Shortly afterwards, the company’s staff staged a walkout, prompting Hachette to announce that it wouldn’t be publishing the book after all. “We take our relationships with authors very seriously and do not cancel books lightly,” said a spokesperson. “We have published and continue to publish many challenging books. As publishers, we make sure every day in our work that different voices and conflicting points of view can be heard.”

Farrow is, of course, well within his rights to object to the book. While Mia Farrow and Ronan have stood firmly with Dylan’s version of events, her brother Moses has sided with their father. The heart breaks at what this family has been through and the lengthy trauma, involving police investigations and assorted public statements from family members, that has played out under the public gaze.

But it is possible to feel compassion for the family while recognising a decision that smacks not so much of conscience as expediency. Had Ronan Farrow, among the most lauded figures in the #MeToo movement after his investigation into the crimes of Harvey Weinstein, not loudly voiced his objections, you can be sure that his father’s book would still be in production. The fact that Farrow’s book has topped bestseller lists here and in the United States is significant – out of the two authors, it’s obvious which of them is more likely to keep the tills ringing.
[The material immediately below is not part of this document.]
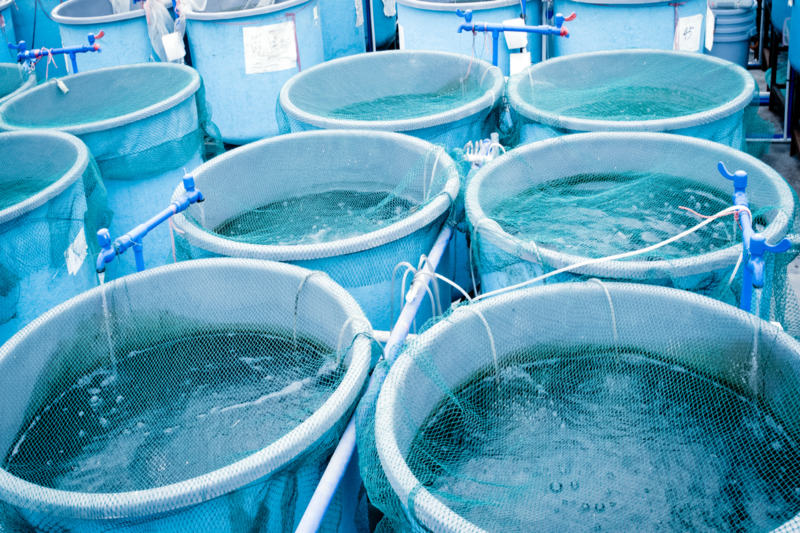 Open new page with pools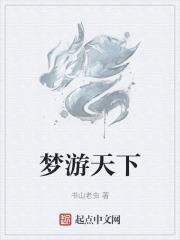 梦游天吟游别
Ronan Farrow spoke out against the publication of his father’s memoir (Getty)

Also clear is the fact that the company made an error in signing up Allen in the first place. As the author Stephen King put it, “It was f***ing tone-deaf of Hachette to want to publish Woody Allen’s book after publishing Ronan Farrow’s.” But this row is about more than tone. It’s about a major publishing house clumsily trying to protect its reputation in an era when moral outrage increasingly trumps common sense.

If the memoir in question had been by Roman Polanski, a celebrated filmmaker who was found guilty in 1977 in the US of the rape of a 13-year-old and who evaded punishment by fleeing the country before sentencing, then it would be a different matter (in fact, Polanski did publish a memoir in 1984). Objections to Allen’s book by protesting Hachette staff may come from a place of sympathy with the Farrows, but they ignore the fact that Allen has been investigated on two occasions related to Dylan’s allegations. In both instances, he was not charged or convicted.

Of course, cases of historic sex abuse are, by their nature, extremely hard to prove, and often boil down to the word of the accuser vs that of the accused. It’s likely that we’ll never know the truth about what took place between Allen and Farrow.

Nonetheless, to argue that Allen’s memoir shouldn’t exist at all because the idea of it makes me queasy would be to undermine the concept of a justice system, however imperfect it may be. It would also advocate a form of cultural mob rule in which specific artefacts are only allowed out into the world if the majority feel “comfortable” with them. For a publisher to actively suppress the publication of a book isn’t a good look, and nor is the silencing of writers through fear of being upbraided on social media. Far better to let Allen’s book come out and leave it to consumers to make their feelings known. Because to ignore it would be the most powerful statement of all.